1878 act by Pope Leo XIII

The re-establishment of the hierarchy of the Catholic Church in Scotland took effect on 15 March 1878. This followed the restoration of the English hierarchy in 1850.

The restoration was carried out on the instructions of Pope Leo XIII and was one of the first acts of his papacy.

The "old" hierarchy had ended in 1603 when Archbishop Beaton of the Archdiocese of Glasgow died in Paris. In the intervening period from the Scottish Reformation until the restoration of the hierarchy, Scottish Catholics were ministered to by an underground network of priests (such as Saint John Ogilvie, Martyr) who were governed by Prefects Apostolic and then Vicars Apostolic as the oppression of Catholics became less severe.

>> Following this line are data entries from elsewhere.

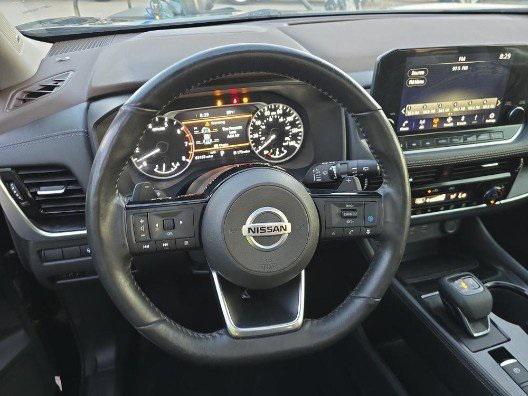 used 2021 Nissan Rogue car, priced at $21,988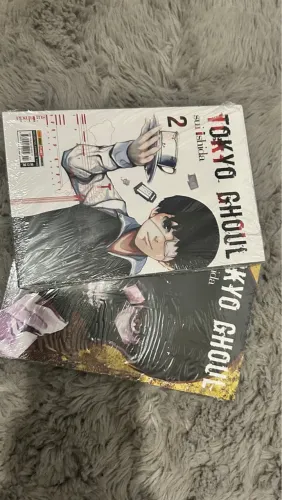 Mangá de Tokyo Ghoul - Volume 2 e 3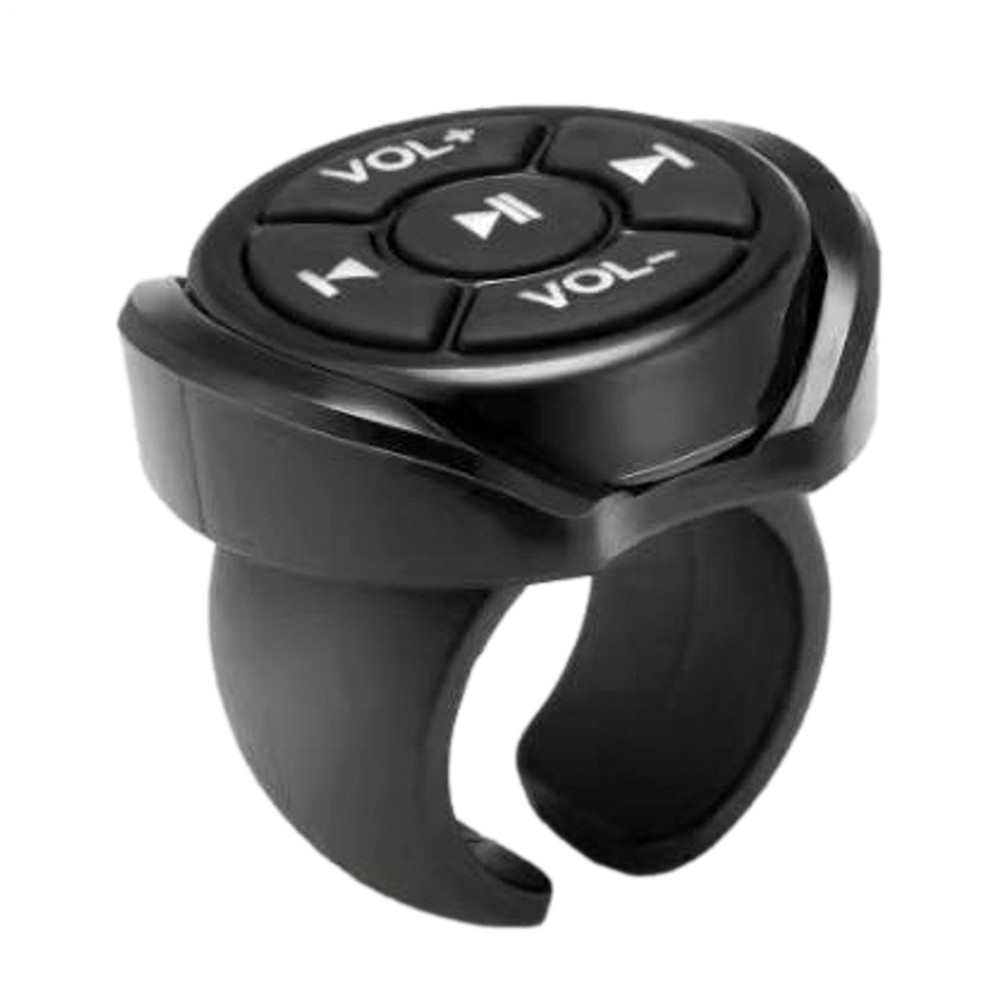 Bluetooth Wireless Media Button Car Steering Wheel Remote Control for Motorcycle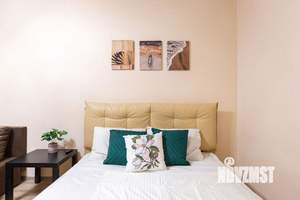 1-к квартира, посуточно, 43м2, 18/25 этаж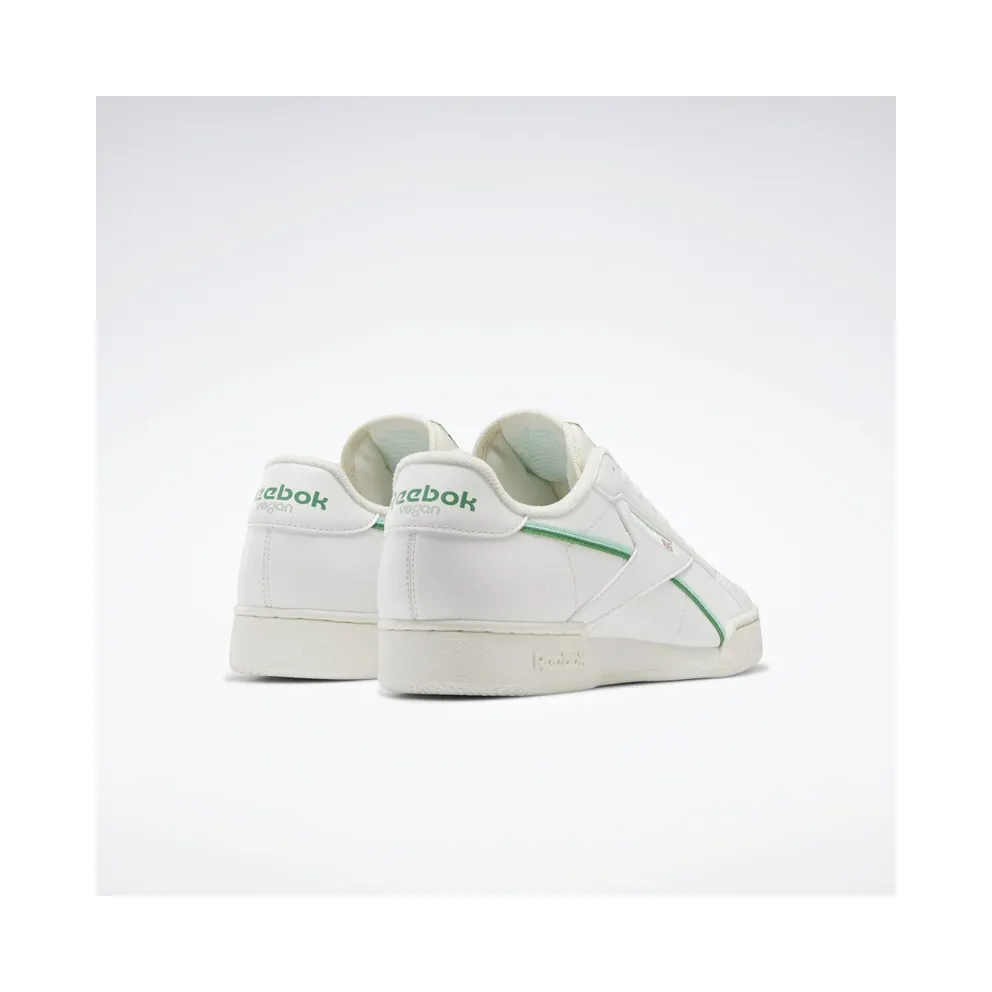 Reebok NPC UK II Vegan Shoes Chalk / Hint Mint / Glen Green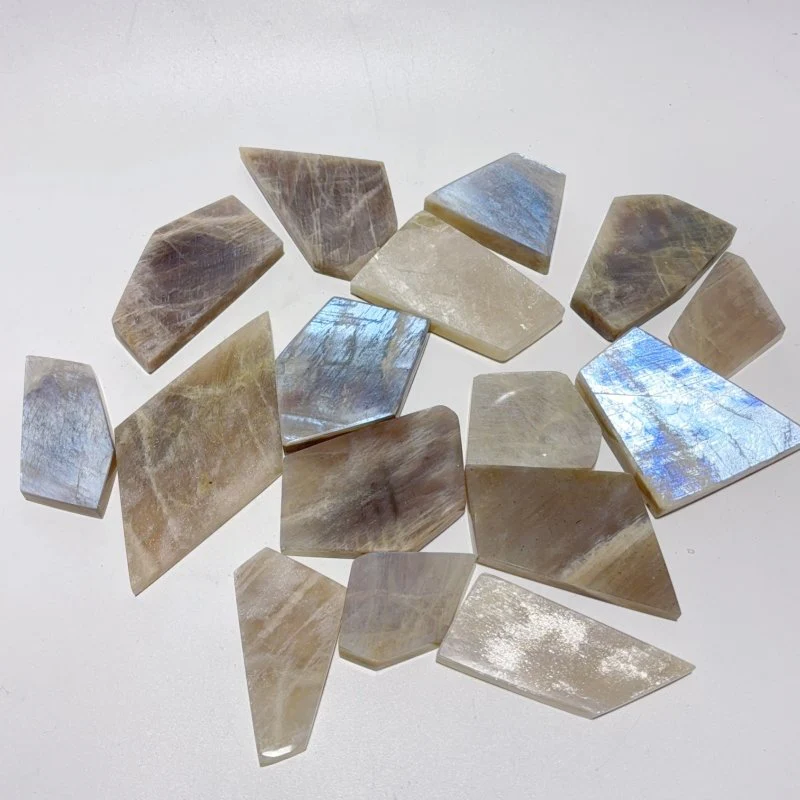 High Quality Moonstone Free Form Slab Crystal Wholesale - Image 4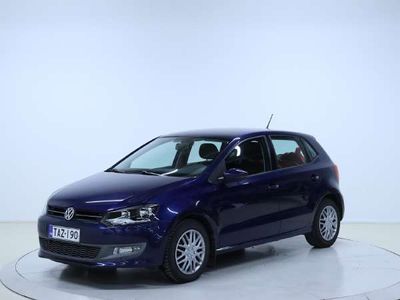 käytetty VW Polo Comfortline 1,4 63 kW (85 hv) 4-ovinen - Ilmastointi, Huoltokirja, 2x renkaat, Juuri huollettu!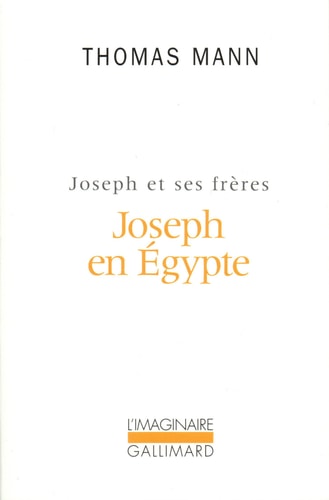 JOSEPH EN EGYPTE, de Thomas Mann | portada del libro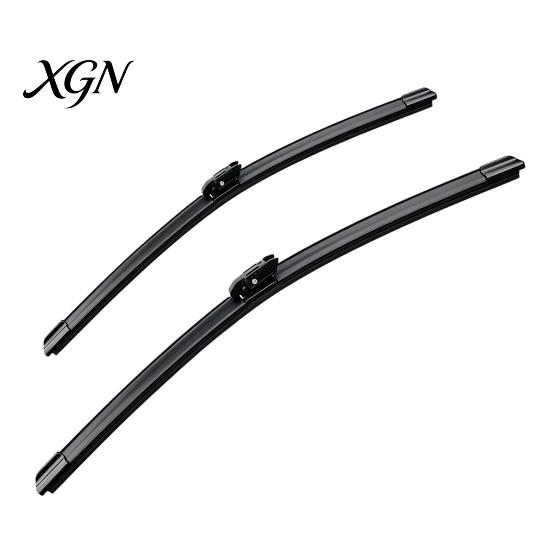 Durable Windshield Wipers 2Pcs Wiper Blades for Dacia Sandero III 2020-2023, 16/24 Precision Fit Inch Beamless Quiet Front Wipers, Direct Replacement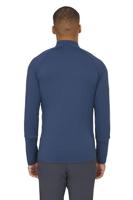 Rab Sonic LS Zip Pully Heren Tempest Blue S - thumbnail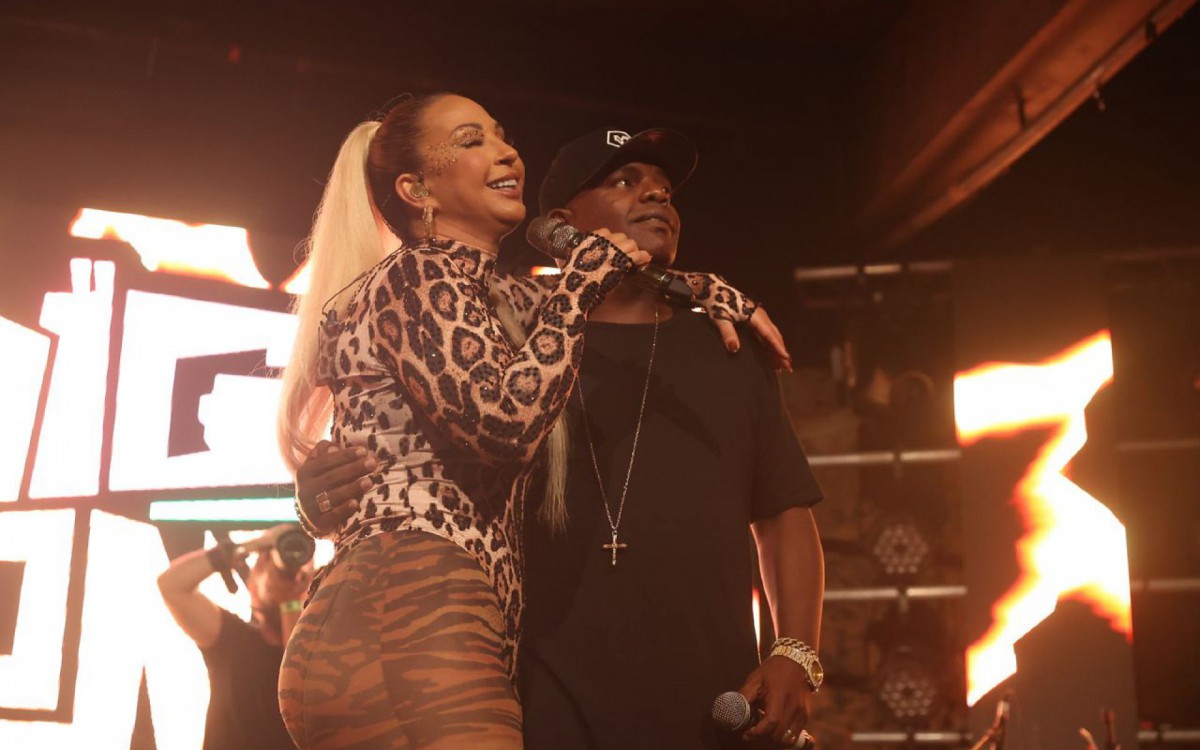 Valesca Popozuda e MC Marcinho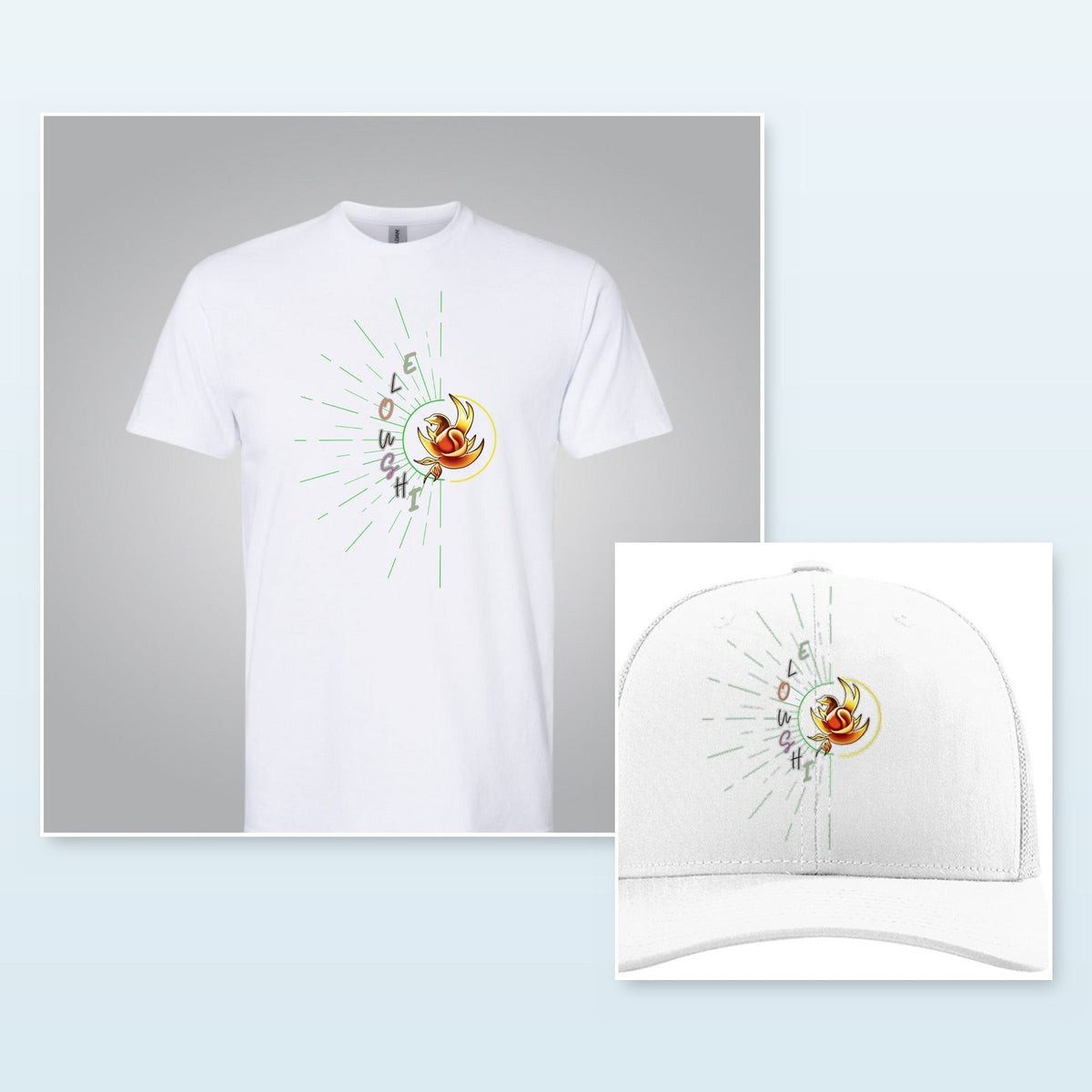 Eloushi Sunburst Patch Set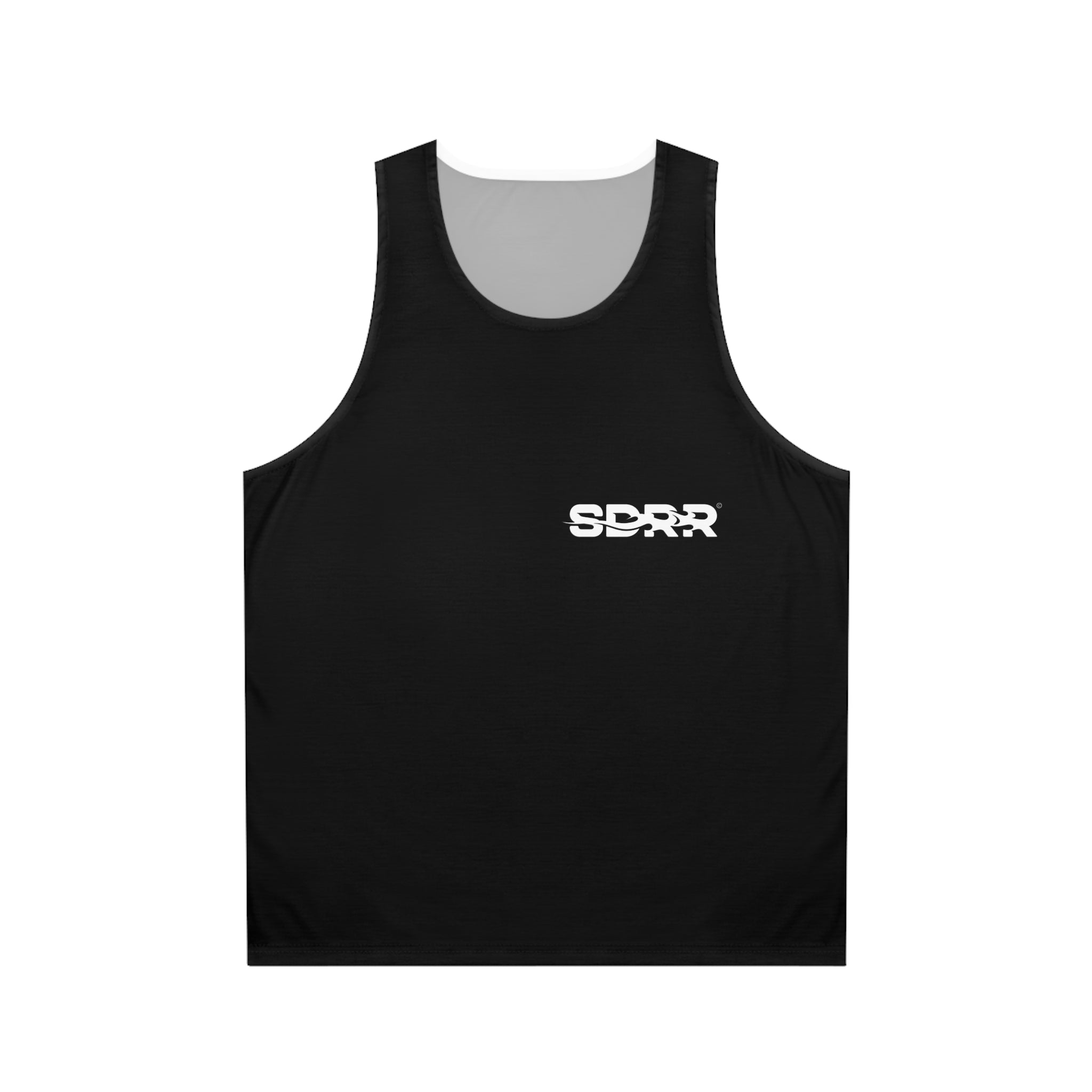 SDRR Essential Tank Top – Black Edition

The bishops of the restored hierarchy were drawn from the then existing Vicars Apostolic and the territories of the new dioceses and archdioceses were based on the ancient (pre-reformation) ones.

There were two archbishops and four bishops in the new hierarchy:
- Archbishop of Saint Andrews and Edinburgh
  - Bishop of Aberdeen
  - Bishop of Argyll and the Isles
  - Bishop of Dunkeld
  - Bishop of Galloway
- Archbishop of Glasgow

The Archdiocese of St Andrews and Edinburgh was to be the Metropolitan See for Scotland with the Archdiocese of Glasgow to be under control of the Holy See.

It was nearly another 100 years before Scotland had its first post-Reformation cardinal appointed. In 1969 Archbishop Gray of St Andrews and Edinburgh was elevated to the rank of Cardinal, as were in the years following Cardinal Winning of Glasgow, and Cardinal O'Brien of St Andrews and Edinburgh.